*Task instructions*:
Every line from the start of the records through the line with "Şanlıurfa'da sarımsak hasadı devam ediyor" is to be written out exactly; pictures are not.

····················

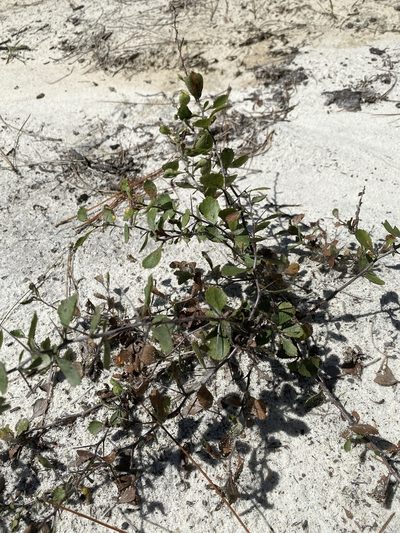 Crataegus munda, photographed by Alan Weakley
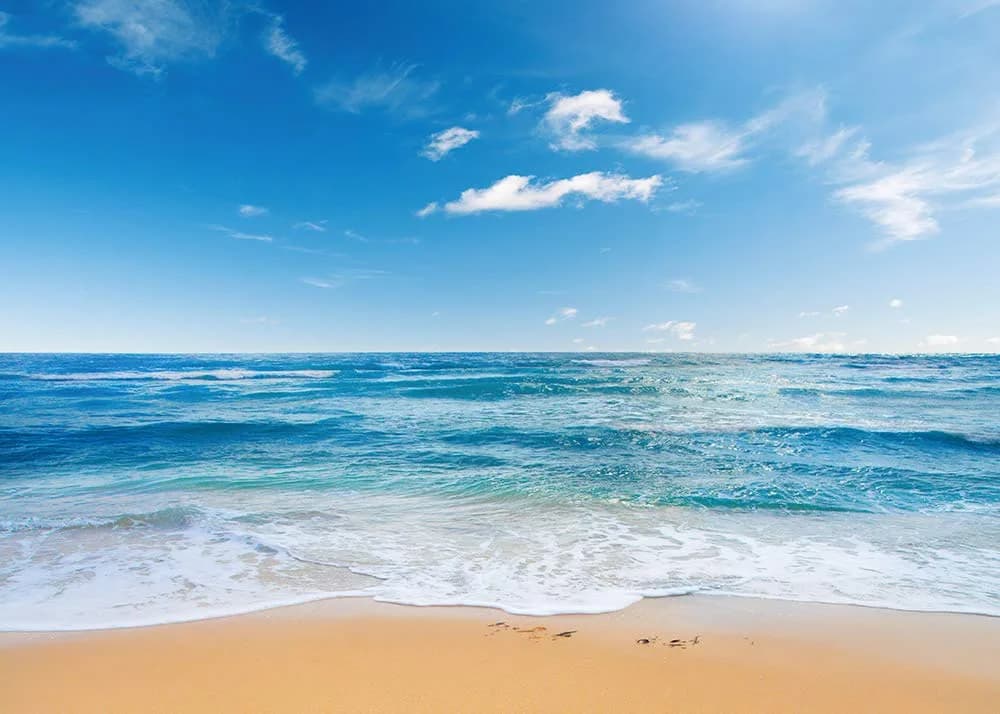 Yongqian 8x6ft Seaside Beach Photography Backdrop Blue Sky Summer Hawaii Ocean Beach | Wedding & Party Decoration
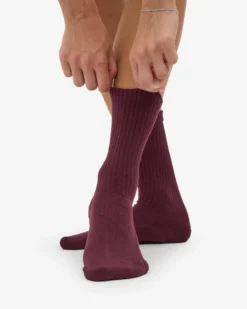 Organic Active Sock - Oxblood Red (3-Pack)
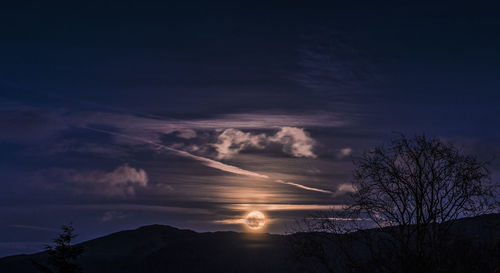 Silhouette trees against sky at sunset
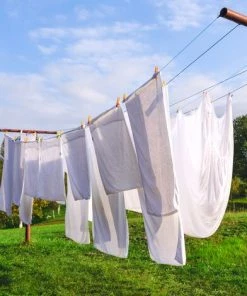 PrimeMatik - Corde à Linge PVC Avec âme En Fil 20 M X 3 Mm Vert -Accessoire de culture Soldes Boutique 19334016 3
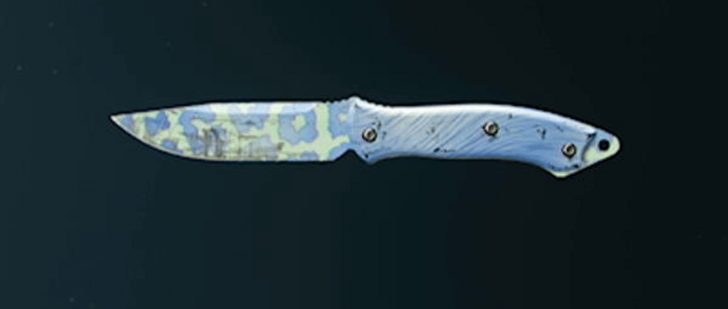 Black Ops 6 - Vacation Leopard Camo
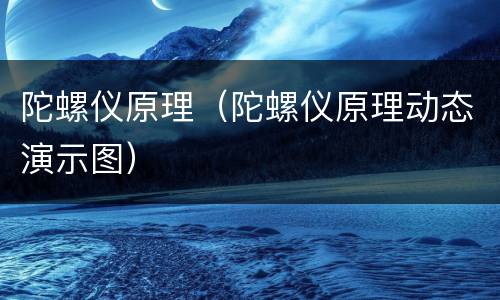 陀螺仪原理（陀螺仪原理动态演示图）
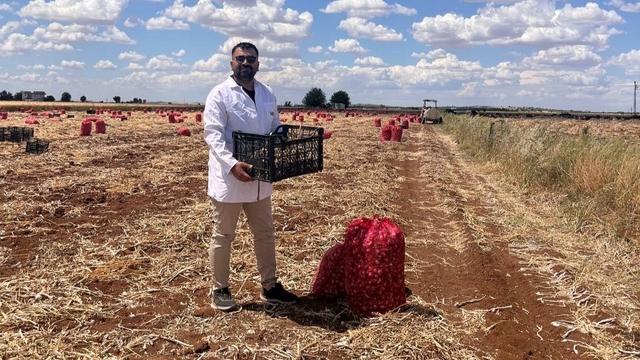 Şanlıurfa'da sarımsak hasadı devam ediyor
Yaklaşık 500 dekarlık alanda hummalı hasat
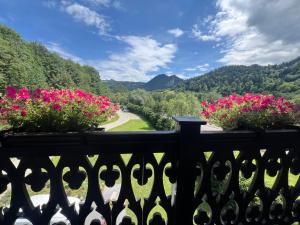 a view from a balcony with pink flowers at Willa FOLK Pieniny in Szczawnica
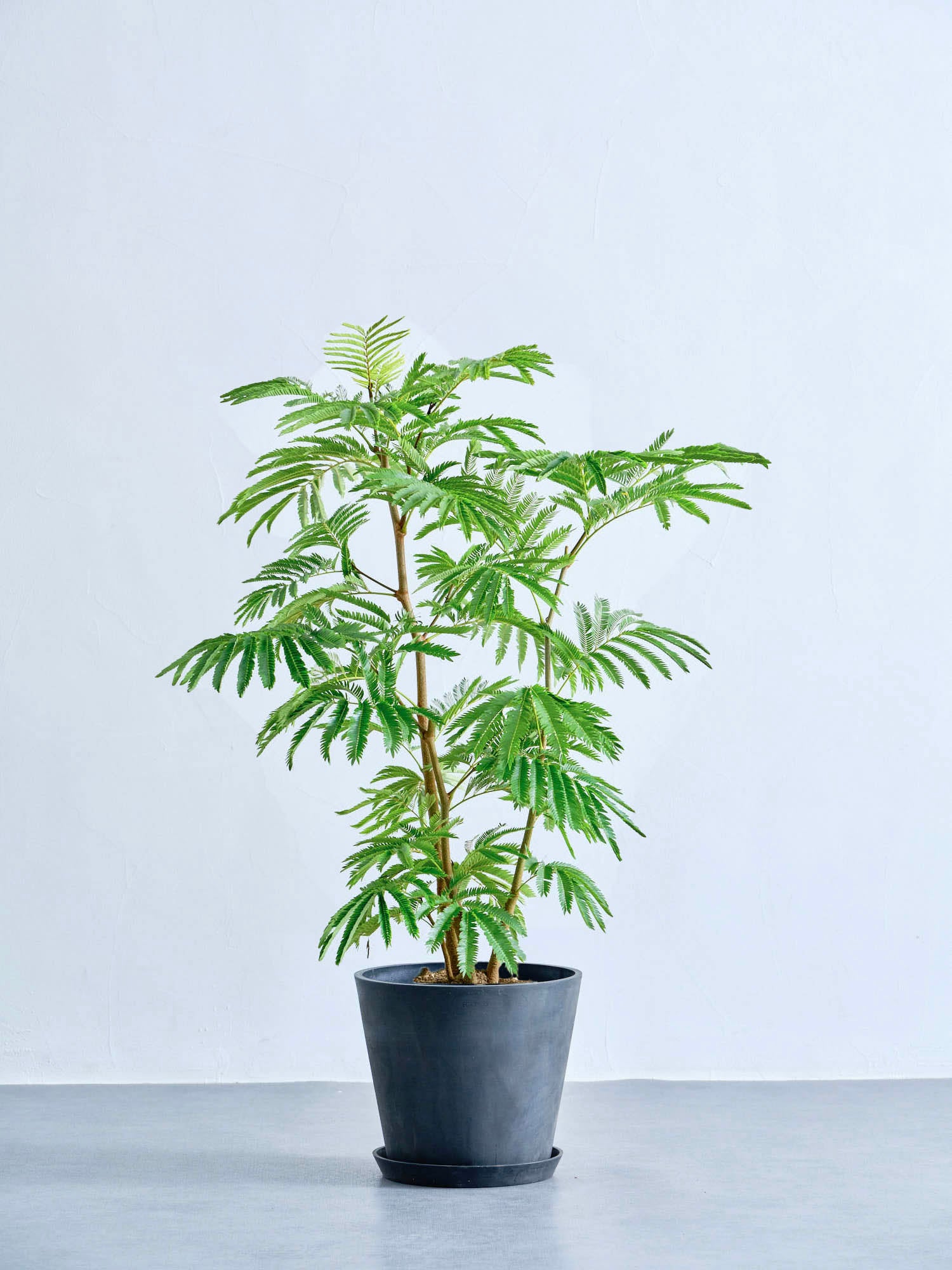 エバーフレッシュ | 観葉植物の通販 AND PLANTS (アンドプランツ)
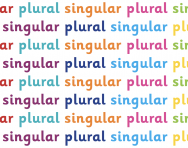 What are singular and plural? What are singular and plural?
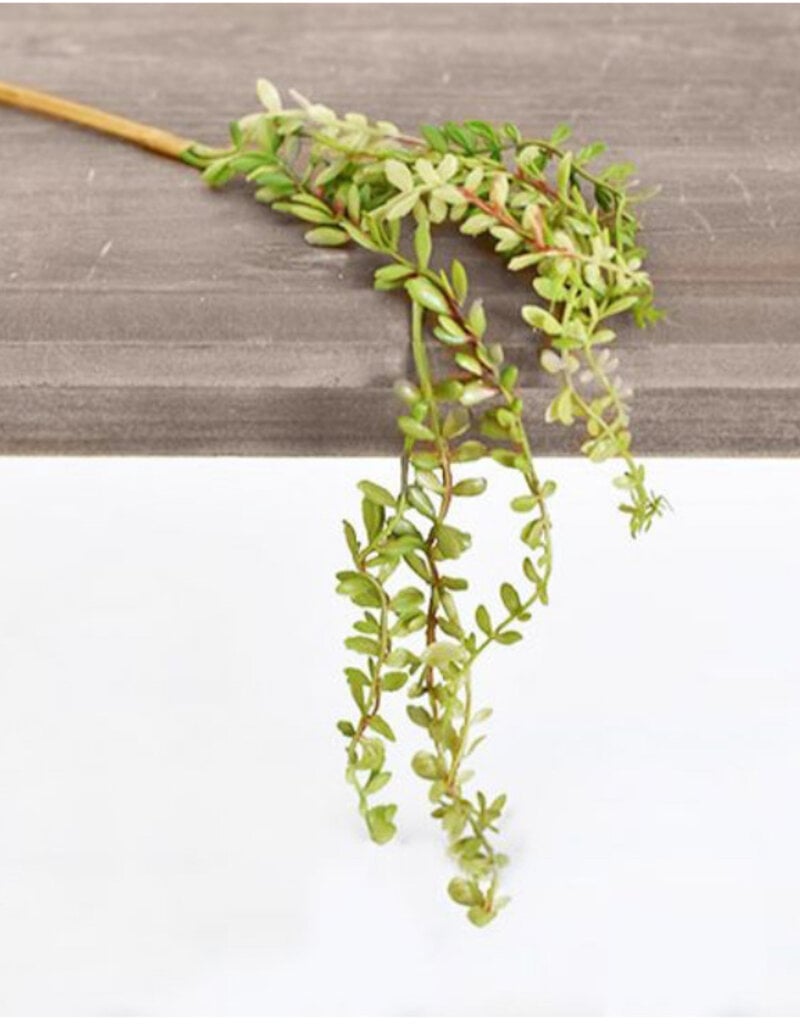 Mini Hanging Succulent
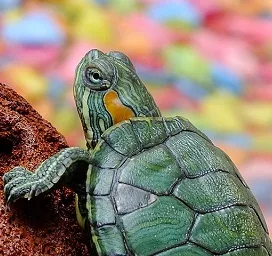Beecroft Bird & Exotics Veterinary Clinic - Others & Miscellaneous products | Singapore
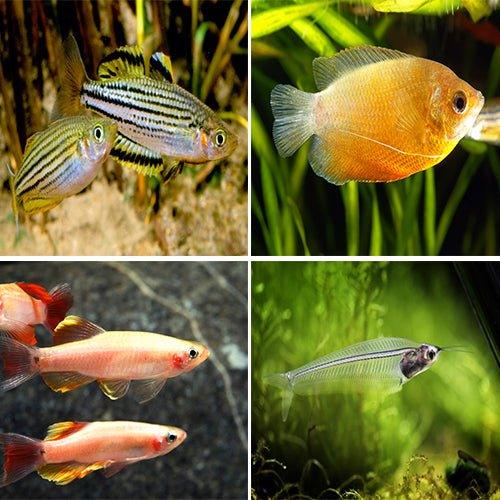 16 Live Freshwater Fish Bundle - Gourami, Minnow, Catfish, Tetra, Molly & Angelfish for Aquarium & Fish Tank | Perfect for Beginners & Aquatic Enthusiasts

····················

*Solved problem*:
 Crataegus munda, photographed by Alan Weakley
 Yongqian 8x6ft Seaside Beach Photography Backdrop Blue Sky Summer Hawaii Ocean Beach | Wedding & Party Decoration
 Organic Active Sock - Oxblood Red (3-Pack)
 Silhouette trees against sky at sunset
 PrimeMatik - Corde à Linge PVC Avec âme En Fil 20 M X 3 Mm Vert -Accessoire de culture Soldes Boutique 19334016 3
 Black Ops 6 - Vacation Leopard Camo
 陀螺仪原理（陀螺仪原理动态演示图）
 Şanlıurfa'da sarımsak hasadı devam ediyor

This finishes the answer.